--- Records for processing ---
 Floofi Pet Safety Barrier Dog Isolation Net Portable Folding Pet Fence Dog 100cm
---
--- Records for processing ---
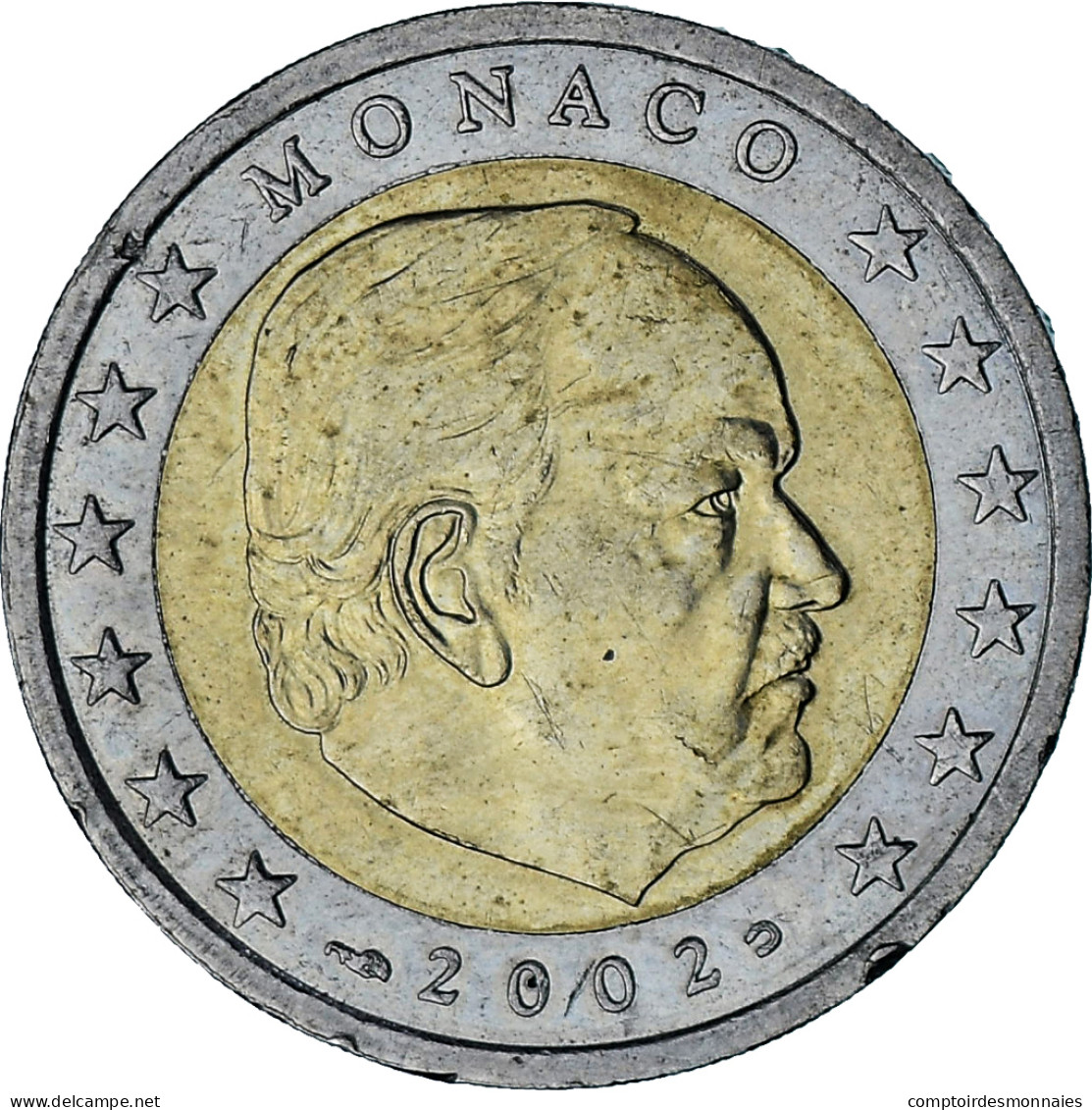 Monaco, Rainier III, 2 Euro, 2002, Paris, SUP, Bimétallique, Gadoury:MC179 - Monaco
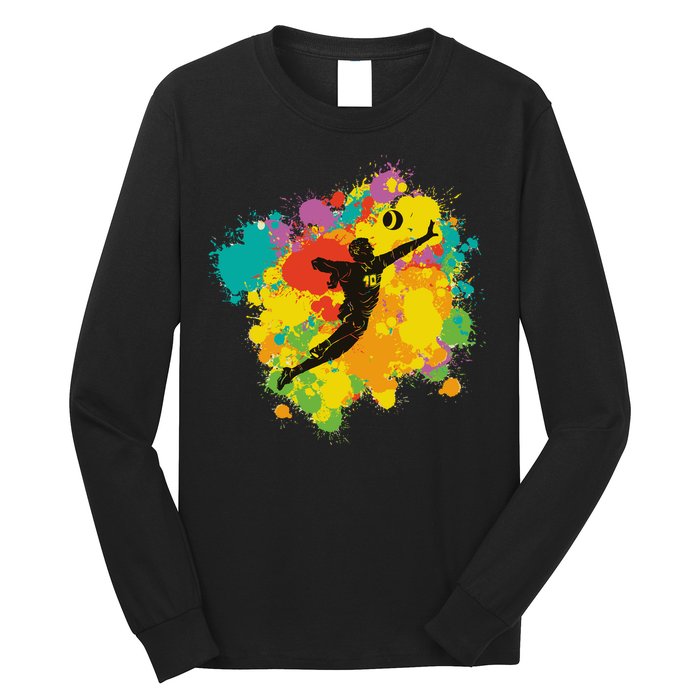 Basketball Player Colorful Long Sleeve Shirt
---
In the data above, the stretch from the line with "Monaco, Rainier III, 2" through the line with "Basketball Player Colorful Long Sleeve Shirt" is to be returned exactly, minus any pictures.

**Written solution**.
 Monaco, Rainier III, 2 Euro, 2002, Paris, SUP, Bimétallique, Gadoury:MC179 - Monaco
 Basketball Player Colorful Long Sleeve Shirt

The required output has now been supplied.